His insistence on clinging to the shreds of his father’s honor stirred a welter of most contradictory emotions in Jocelyn’s breast. Admiration and frustration. Pride and despair. Atop all swirled the realization that by holding fast to his vow he would be lost to her forever.

She’d been raised by a grandsire who would cut off his arm before he would lift a sword against his sworn liege. Three days ago she would have wagered all she owned that her grandfather’s blood ran true in her. Never had she dreamed that she would ask—or allow—a man to go back on an oath once given. Yet she couldn’t hold in an urgent plea that he rethink his obligation.

“You’re not responsible for your father’s sins, Simon.”

When he stood stubbornly silent, her frustration flared into reckless determination.
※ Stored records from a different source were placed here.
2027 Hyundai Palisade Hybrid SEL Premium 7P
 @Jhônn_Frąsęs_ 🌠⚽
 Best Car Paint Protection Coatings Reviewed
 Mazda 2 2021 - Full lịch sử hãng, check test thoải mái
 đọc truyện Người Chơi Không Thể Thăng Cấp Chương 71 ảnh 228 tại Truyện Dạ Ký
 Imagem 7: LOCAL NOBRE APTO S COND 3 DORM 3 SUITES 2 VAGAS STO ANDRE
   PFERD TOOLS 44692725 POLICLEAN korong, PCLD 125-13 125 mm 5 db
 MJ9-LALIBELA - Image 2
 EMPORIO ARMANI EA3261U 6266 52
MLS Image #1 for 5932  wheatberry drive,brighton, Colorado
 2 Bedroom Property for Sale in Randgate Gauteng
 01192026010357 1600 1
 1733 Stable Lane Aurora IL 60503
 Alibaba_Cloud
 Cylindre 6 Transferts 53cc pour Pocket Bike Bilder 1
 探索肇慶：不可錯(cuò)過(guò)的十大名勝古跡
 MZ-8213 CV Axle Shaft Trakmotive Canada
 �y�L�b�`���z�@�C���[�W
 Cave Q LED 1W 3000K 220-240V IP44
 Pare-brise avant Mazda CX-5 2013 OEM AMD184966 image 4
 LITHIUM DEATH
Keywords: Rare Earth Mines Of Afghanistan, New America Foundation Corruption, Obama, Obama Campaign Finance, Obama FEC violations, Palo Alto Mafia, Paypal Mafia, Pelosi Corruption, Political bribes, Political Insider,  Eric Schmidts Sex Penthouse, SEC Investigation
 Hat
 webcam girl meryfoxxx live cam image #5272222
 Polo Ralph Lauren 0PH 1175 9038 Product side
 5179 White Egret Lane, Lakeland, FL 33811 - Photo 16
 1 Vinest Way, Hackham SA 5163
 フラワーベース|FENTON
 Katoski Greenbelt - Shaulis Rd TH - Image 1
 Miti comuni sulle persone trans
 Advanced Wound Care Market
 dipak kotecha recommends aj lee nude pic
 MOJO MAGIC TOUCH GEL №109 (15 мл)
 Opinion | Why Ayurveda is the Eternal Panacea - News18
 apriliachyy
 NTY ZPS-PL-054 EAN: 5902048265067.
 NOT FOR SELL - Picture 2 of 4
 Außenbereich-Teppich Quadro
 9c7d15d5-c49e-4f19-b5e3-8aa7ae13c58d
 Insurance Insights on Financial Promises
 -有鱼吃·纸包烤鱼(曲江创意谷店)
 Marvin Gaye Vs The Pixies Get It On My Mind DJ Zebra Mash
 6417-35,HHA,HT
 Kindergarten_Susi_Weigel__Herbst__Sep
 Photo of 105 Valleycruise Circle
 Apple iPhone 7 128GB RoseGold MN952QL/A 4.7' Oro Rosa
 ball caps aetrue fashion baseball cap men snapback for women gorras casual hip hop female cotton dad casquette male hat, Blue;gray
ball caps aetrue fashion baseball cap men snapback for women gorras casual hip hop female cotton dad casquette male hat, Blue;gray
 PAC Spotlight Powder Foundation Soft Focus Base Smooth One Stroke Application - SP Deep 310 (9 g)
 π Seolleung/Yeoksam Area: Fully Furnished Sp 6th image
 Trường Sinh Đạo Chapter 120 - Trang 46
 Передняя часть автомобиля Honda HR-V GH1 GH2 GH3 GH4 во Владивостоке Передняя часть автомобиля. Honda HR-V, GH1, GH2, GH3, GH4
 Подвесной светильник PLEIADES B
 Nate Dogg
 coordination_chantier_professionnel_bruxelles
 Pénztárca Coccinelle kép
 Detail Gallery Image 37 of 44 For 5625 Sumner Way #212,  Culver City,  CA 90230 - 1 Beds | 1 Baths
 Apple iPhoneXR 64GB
She pressed her hips against the low-hanging branch, tipped her head and laid her palms on his broad chest.

“Nor should you allow him to bind you to a life of celibacy.”

Still he wouldn’t speak. Goaded, she dug her fingertips in the leather surcoat covering his mail.

“You’ve given me a taste of the pleasures a man and woman may share. Do you not wish to show me more? Do you not want me, as you’ve made me want you?”

Hundreds of armed men were camped within shouting distance. Smoke from their cook fires and from the pyres of Blanche Garde drifted on the air. Yet the thick branches and screen of green, rubbery leaves gave her the illusion that there were only the two of them. Alone. Together. This one last time.

“Let me speak to the king,” Jocelyn pleaded. “Or to the queen. If you prove yourself here, they would grant you a holding. You could take a wife. Have sons and daughters to give you comfort. Hell’s teeth, Simon, don’t you want someone who will love you and—”

With a snarl, he fisted his hands around her upper arms.

“Yes, I want that! And you, Jocelyn. I ache for you. So much I must needs use every ounce of my will to keep from spinning you around, bending you over that branch and dragging up your skirts so I might bury myself in your hot, wet flesh. Is that what you wish to hear?”

It was! Of a certainty, it was!

Her triumph must have shown in her eyes because the face so close to her own hardened. She read his intent even as he swooped down to cover her mouth with his.

The kiss was meant to punish, and it did. His lips ground against hers. His fingers dug into the flesh of her upper arms. She felt their bite before he loosed his hands and banded an arm around her waist. Widening his stance, he hauled her hard against his chest.

Too late Jocelyn realized she’d prodded a sleeping dragon. She couldn’t escape its ferocious assault. Nor, she admitted as her blood pounded in her veins, did she wish to.

This wasn’t the cold, dispassionate knight who’d ordered her to remove her robes. Nor yet the skilled lover who’d brought her to such exquisite pleasure. This was a man with his blood up. One who at the least sign of surrender would take her as violently as he’d threatened.

She came within a hairbreadth of that surrender. Every part of her ached to feel again the exquisite torment of his fingers stroking her flesh. His rigid shaft stretching her. His length filling her.

Yet even as she opened her mouth to the brutal assault of his tongue and teeth, she knew she couldn’t destroy what she admired most in this man. Whether she willed it or not, he held his honor dearer than his life. And would come to hate her if she stripped it from him.

Gasping, she tried to pull away. He countered by shoving a hand through her hair to hold her head still. His mouth took hers.

“Simon!” Jocelyn broke her lips away as she pounded his unyielding form. “Simon, I beg you…”

It took some moments for her protests to pierce his unleashed lust. When they did, his head came up. His eyes burned into hers for long moments before he thrust her away almost violently.

“Get you back to the queen’s tent.”

She couldn’t leave him like this. In a futile effort to soothe the fearsome creature she’d released from its chains, she held out a hand.

“Simon…”

“Now, woman!”

Jocelyn could count on the fingers of one hand the number of times she’d cowered in the face of danger. This was one of them. Grasping her skirts in shaking hands, she fled the copse of almond trees.